= Darrell Guder =

American Christian theologian and missiologist

Darrell Likens Guder is a Christian theologian, missiologist, and professor emeritus of missional and ecumenical theology at Princeton Theological Seminary.

== Biography ==
Guder received his PhD from the University of Hamburg. As an ordained Presbyterian minister, he served as a student outreach pastor and as a faculty member of the Karlshohe College in the German Lutheran Church.

His writing and teaching focus on the theology of the missional church, especially the theological implications of the paradigm shift to post-Christendom as the context for Christian mission in the West. Previously, he taught at Princeton Theological Seminary as Henry Winters Luce Professor of Missional and Ecumenical Theology from 2002 to 2015 and as Dean of Academic Affairs from 2005 to 2010. Since his retirement, he has been a professor emeritus of missional and ecumenical theology.
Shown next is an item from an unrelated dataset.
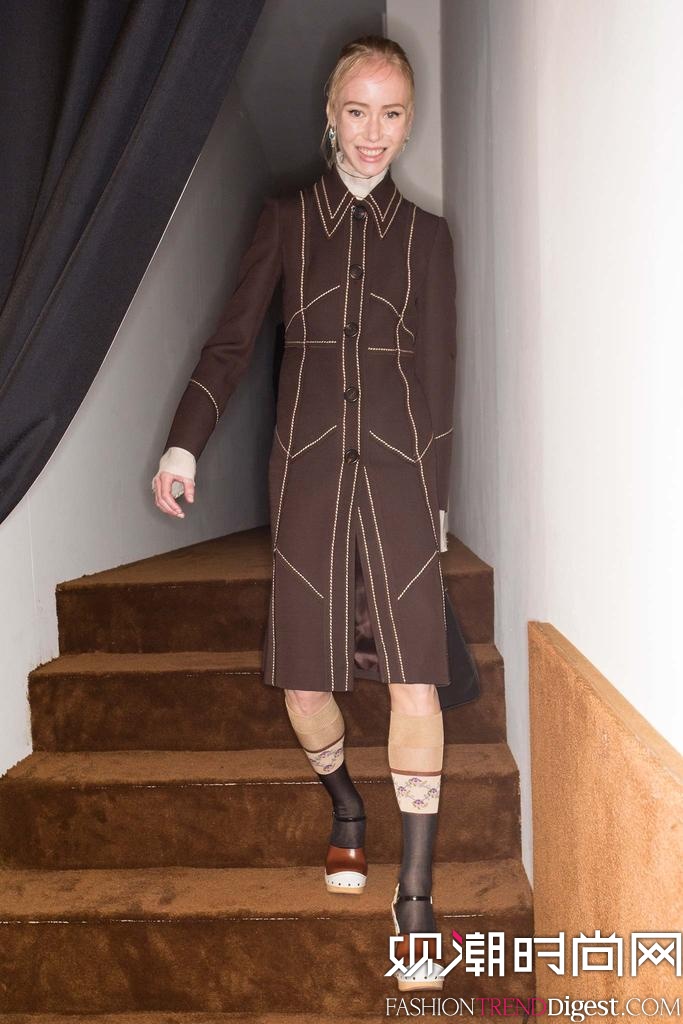 Prada 2015mrbDƬ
Guder is also Senior Fellow in Residence at the Centre for Missional Leadership at St. Andrew's Hall at the University of British Columbia.
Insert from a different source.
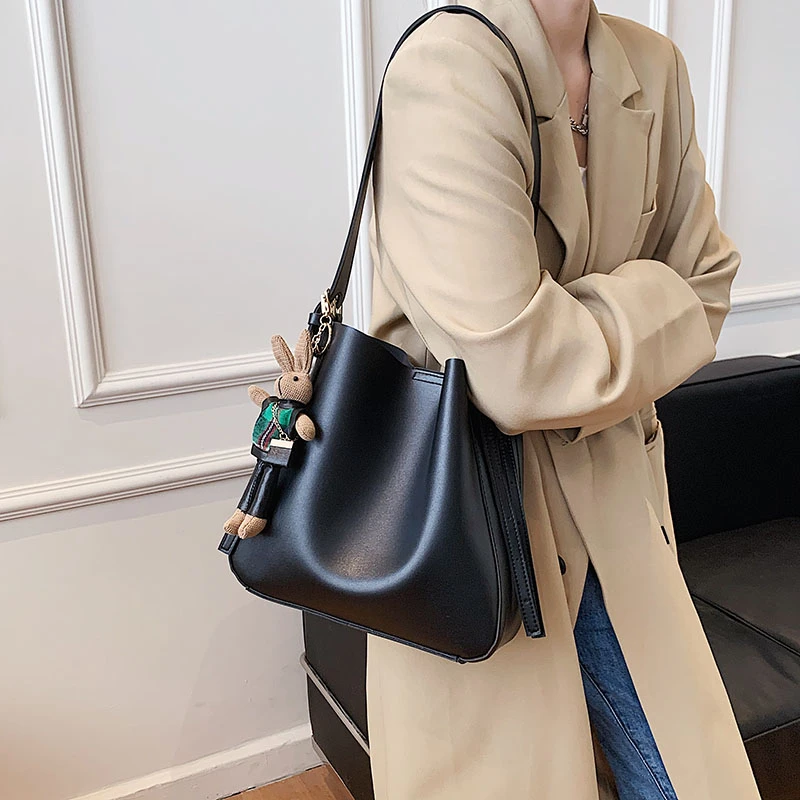 

purse women handbag 2021 handbags for girls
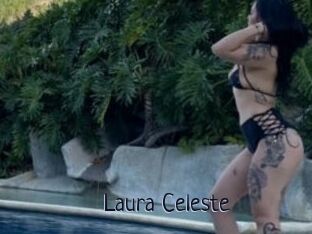 Laura_Celeste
He has served as secretary-treasurer of the American Society of Missiology (ASM) and was president of the ASM from 2007 to 2008. His scholarly translations include Otto Weber, Foundations of Dogmatics (2 vols.); Eberhard Jüngel, God as the Mystery of the World; Karl Barth, The Theology of the Reformed Confessions (with Judith Guder; Eberhard Busch), and The Great Passion: An Introduction to the Theology of Karl Barth (with Judith Guder).

==Publications==
===Books===
- Called to Witness: Doing Missional Theology (Wm. B. Eerdmans Publishing Company, 2015)
- The Great Passion: An Introduction to Karl Barth's Theology (Wm. B. Eerdmans Publishing Company, 2010)
- God as the Mystery of the World: On the Foundation of the Theology of the Crucified One in the Dispute Between Theism and Atheism (Wipf & Stock Publishers, 2009)
- Mission i et pluralisk samfund—hvorfor og hvordan? (Folkekirkens Mission, 2007)
- Exhibition of the Kingdom of Heaven to the World (Witherspoon Press, 2007)
- The Incarnation and the Church's Witness (Wipf & Stock Publishers, 2005)
- The Continuing Conversion of the Church: Evangelization as the Heart of Ministry (Wm. B. Eerdmans Publishing Company, 2000)
- Missional Church: A Vision for the Sending of the Church in North America, editor. (Wm. B. Eerdmans Publishing Company, 1998)
- Be My Witnesses: The Church’s Mission, Message, and Messengers (Wm. B. Eerdmans Publishing Company, 1985)

===Selected articles===
- "Missio Dei: Integrating Theological Formation for Apostolic Vocation." Missiology 37, 1 (January 2009): 63–74.
- "Worthy Living: Work and Witness from the Perspective of Missional Church Theology." Word & World 25, 4 (Fall 2005): 424–432.
- "Global Mission and the Challenge of Theological Catholicity." Theology Today 62, 1 (April 2005): 1–7.
- "Pentecost and Missionary Preaching in North America." Journal for Preachers 25, 4 (Pentecost 2002): 19–25.
- "Evangelism and Justice: From False Dichotomies to Gospel Faithfulness." Church & Society 92, 2 (November–December 2001): 14–20.

===Selected chapters===
- "Theological Significance of the Lord's Day for the Formation of the Missional Church." In Sunday, Sabbath, and the Weekend: Managing Time in a Global Culture, eds. Edward O'Flaherty and Rodney L. Petersen, with Timothy A. Norton. Grand Rapids: Eerdmans, 2010.
- "The Christological Formation of Missional Practice." In Jesus Christ Today: Studies of Christology in Various Contexts, ed. Stuart George Hall. New York: W. de Gruyter, 2009.
- "Practical Theology in the Service of the Missional Church." In Theology in Service of the Church: Essays in Honor of Joseph D. Small 3rd. Louisville: Geneva Press, 2008.
- "Incarnation and the Church's Evangelistic Mission." In The Study of Evangelism: Exploring a Missional Practice of the Church, eds. Paul W. Chilcote and Laceye C. Warner. Grand Rapids: Eerdmans, 2008.